If, like me, you expect to be able to plug-in a firewire device to your PC / laptop and have it work 'out of the box', I fear you will be disappointed. I don't have fireware capability so all I can do is give you some notes. Since you have little experience with Linux, they make not make much sense in which case, giving up may be your best option.

If, could you open a terminal and type in:


lspciScan the output an look for a line that says firewire. E.g.

02:09.0 FireWire (IEEE 1394) [0c00]: Ricoh Co Ltd R5C832 IEEE 1394 Controller [1180:0832] (rev 05)That's the controller. You are going nowhere until Knoppix can see this. If it can and you've got your camcorder plugged in it might in the output of lspci. I don't know else it would appear.

If the controller isn't there, then you need might need to turn firewire on in the hardware. Look for a (blue) Fn keyboard combination to do this and/or a BIOS setting of some sort.

You might then want to try Windows again :). How well firewire is supported will depend on whether you are running XP, Vista or 7 and which SP and perhaps even which hotfixes you have applied.

With Linux the support depends in which kernel you are using (and thus which version of Knoppix). Linux 2.6.12 (June 2005) saw the introduction of the old firewire stack; Linux 2.6.20 (July 2007) saw the introduction of the new Juju firewire stack; Linux 2.6.30 (June 2009) the new stack is supposedly superior to the old; Linux 2.6.37 (January 2011) saw the withdrawal of the old stack.

What does this all mean ? For several years now there has been a choice of firewire stack and different versions of different Linux distributions will use one or the other (and many will allow you change it if you know what you are doing).

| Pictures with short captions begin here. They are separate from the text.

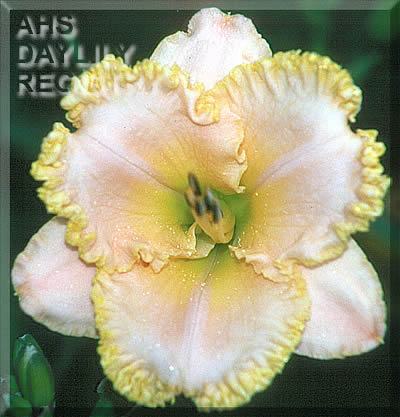Round Riches AHS image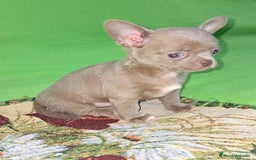 Chihuahua perros en venta: MACHO TOY EXCLUSIVO LILAC LINEA RUSA - Imagen 6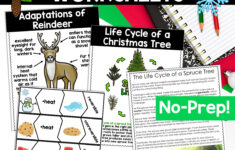 Christmas Science Worksheets No Prep Plants Animals Matter Winter within The Science Of Christmas Question Worksheet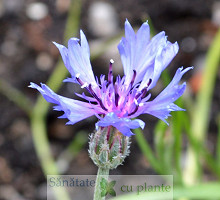Albastrele-centaurea-cyanus-3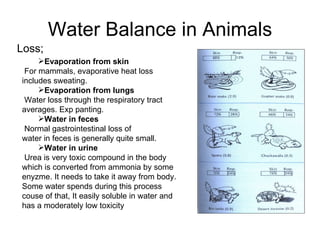 Water Balance in Animals Evaporation from skin For mammals, evaporative heat loss includes sweating. Evaporation from lungs Water loss through the respiratory tract averages. Exp panting.  Water in feces Normal gastrointestinal loss of water in feces is generally quite small. Water in urine Urea is very toxic compound in the body which is converted from ammonia by some enyzme. It needs to take it away from body. Some water spends during this process couse of that, It easily soluble in water and has a moderately low toxicity  Loss; 
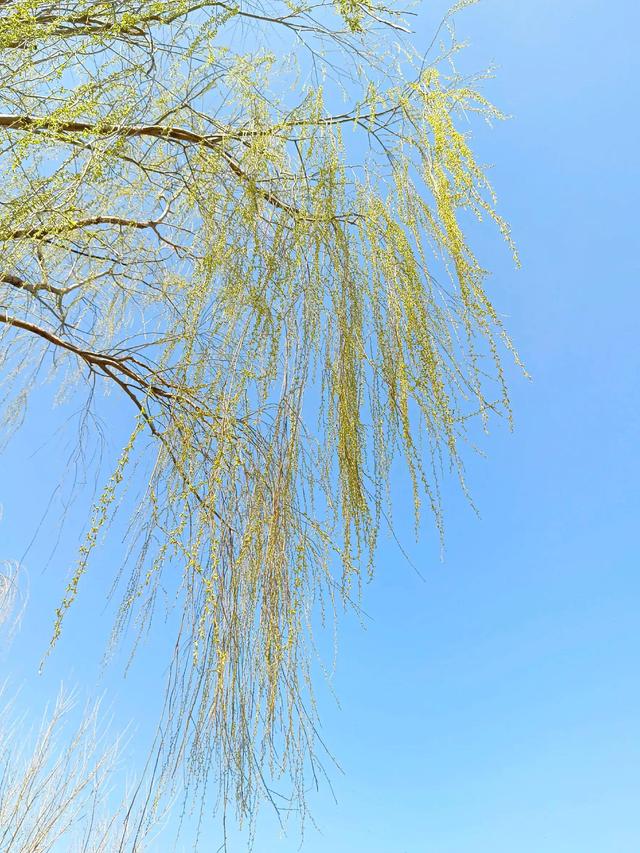 散文：在疫情居家的日子，开一朵心花香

Documentation, such as that you saw for kino, may be out-of-date in that it refers the old stack and doesn't mention the new one.

The good news is you can't load those drivers because they are the old drivers and Knoppix 6.4.4 has the 2.6.37 kernel, which doesn't have the old stack any more.

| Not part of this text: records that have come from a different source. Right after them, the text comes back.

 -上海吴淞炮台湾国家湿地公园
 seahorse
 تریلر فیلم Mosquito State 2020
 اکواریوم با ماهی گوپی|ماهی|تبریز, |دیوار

The bad news is that if you get your video capture working under Knoppix 6.4.4, repartition you disk and install some other Linux you may find yourself back to square one.

Knoppix tends to build drivers into the kernel. If this is true for the firewire drivers then you can't load them because they are already loaded. So insmod and modprobe are no use to you and you will always get "No such file or directory" when you try.

I can't find the new Juju drivers as loadable kernel modules and there is circumstantial evidence the drivers are built into the kernel. So it should all work. From the terminal type:


dvgrabIf that says:


Error: no camera existsthen the problem isn't kino. For more help, I suggest:


http://kinodv.org/
https://ieee1394.wiki.kernel.org/
These sites don't have forums, they have mailing lists, which means they aren't really there for newbies but you can still ask a question but you would need to provide specific information: you are using Knoppix 6.4.4 with a 2.6.37 kernel; your firewire controller is ... and Linux can/can't see it; your camcorder is .... and dvgrab can/can't see it.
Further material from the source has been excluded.